A stranger coming upon Tobaccoville, N.C., twelve miles north of Winston-Salem, might not be prepared for the sight. In the foothills of the Blue Ridge Mountains stands a sleek, Bauhaus-style building. This is R.J. Reynolds' new $1 billion plant, which covers some 614 acres and 2 million sq. ft. of floor space. Still under construction, it will soon be the world's largest cigarette factory. The plant will have the capacity to roll out more than 5 billion packs a year.

"It's our vote of confidence in the tobacco industry," says Donald Nanney, a factory manager of R.J. Reynolds'. Only a few years ago, such a vote would have seemed unnecessary. Economic recessions came and went, prices continually climbed, but Americans always kept buying more and more cigarettes. Today, though, while the $18 billion tobacco industry remains very profitable, the element of predictability is gone. The industry is facing a spate of product-liability suits and, for the first time in its history, a period of declining consumption. Unit sales peaked in 1981, when Americans puffed on 640 billion cigarettes. By the end of this year, consumption is expected to be down 7% from that level.

Recent laws requiring harsher health warnings on cigarette packages, a popular preoccupation with physical fitness and restrictions on smoking in many restaurants and offices do not make business easy for industry executives.

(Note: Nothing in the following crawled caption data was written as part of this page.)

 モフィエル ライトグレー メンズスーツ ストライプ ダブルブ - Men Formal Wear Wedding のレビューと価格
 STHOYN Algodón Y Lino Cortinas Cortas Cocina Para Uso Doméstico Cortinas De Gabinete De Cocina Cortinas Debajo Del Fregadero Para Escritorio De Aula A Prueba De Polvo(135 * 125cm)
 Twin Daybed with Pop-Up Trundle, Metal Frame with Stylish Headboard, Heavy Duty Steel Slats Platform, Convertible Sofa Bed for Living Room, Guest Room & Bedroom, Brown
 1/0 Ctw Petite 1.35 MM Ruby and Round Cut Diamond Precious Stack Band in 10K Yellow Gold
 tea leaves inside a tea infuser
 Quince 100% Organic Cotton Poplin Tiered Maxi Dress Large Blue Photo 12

It comes as no surprise, then, that tobacco makers are aggressively diversifying. Philip Morris and R.J. Reynolds, which together account for 67% of total industry sales, have recently made major nontobacco takeovers. In June Reynolds agreed to buy Nabisco Brands, which makes scores of food products, including Oreo cookies and Ritz crackers. Three months later, Philip Morris announced that it would acquire General Foods, one of the largest U.S. food companies and a producer of such goods as Maxwell House coffee and Jell-O.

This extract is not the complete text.